◆ Problem to work on
Set the listing down again in full, word for word, with the pictures left out.

◆ Source material
- Opening Delimiter -

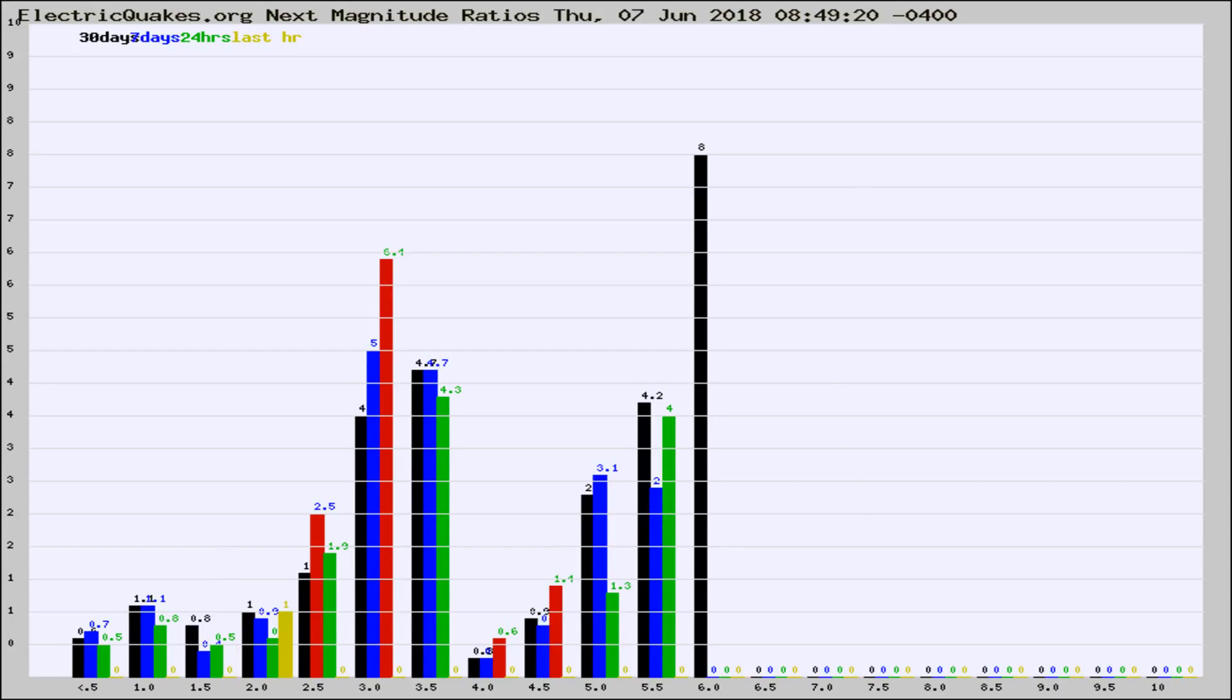If it changes between the last 30 days, 7 days, 24 hours, and last hour, it may indicate something unusual happening in that area.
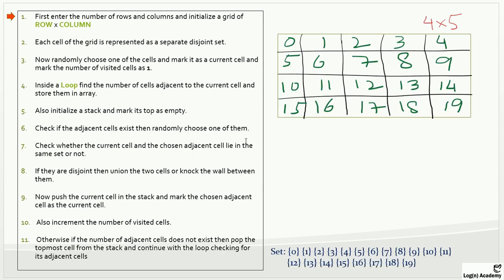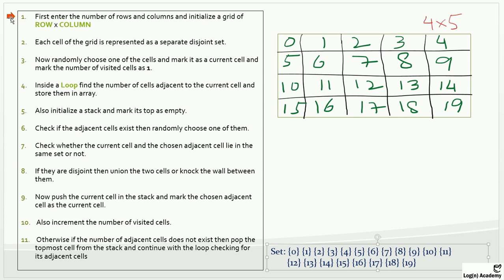We have 11 steps in this algorithm. I have already created a matrix — a four-by-five grid — and using this matrix we will generate the maze puzzle. I will execute these steps one by one and show you what changes this algorithm makes on the puzzle. Here I have the values of a disjoint set, which are the same as this grid. Every element is a disjoint set, and we will apply union and find operations to create this puzzle.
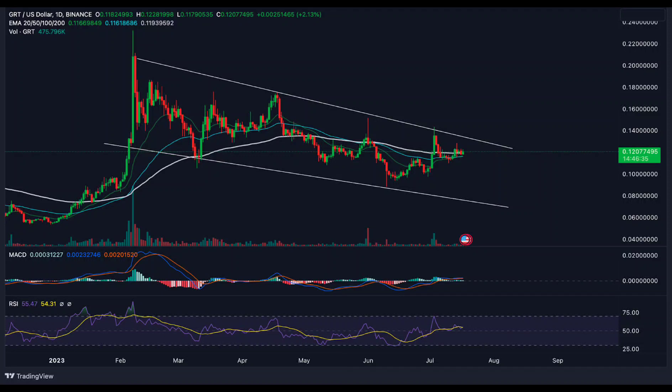The Graph (GRT) is currently trading at 10 cents, with a decline of 3.60 percent in the last 24 hours. The Graph GRT's live market cap is $1,308,884,226. The Graph GRT's 24-hour volume is $30,105,419, with an increase of 63 percent in the last 24 hours.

- Closing Delimiter -

◆ Task output
If it changes between the last 30 days, 7 days, 24 hours, and last hour, it may indicate something unusual happening in that area.
We have 11 steps in this algorithm. I have already created a matrix — a four-by-five grid — and using this matrix we will generate the maze puzzle. I will execute these steps one by one and show you what changes this algorithm makes on the puzzle. Here I have the values of a disjoint set, which are the same as this grid. Every element is a disjoint set, and we will apply union and find operations to create this puzzle.
The Graph (GRT) is currently trading at 10 cents, with a decline of 3.60 percent in the last 24 hours. The Graph GRT's live market cap is $1,308,884,226. The Graph GRT's 24-hour volume is $30,105,419, with an increase of 63 percent in the last 24 hours.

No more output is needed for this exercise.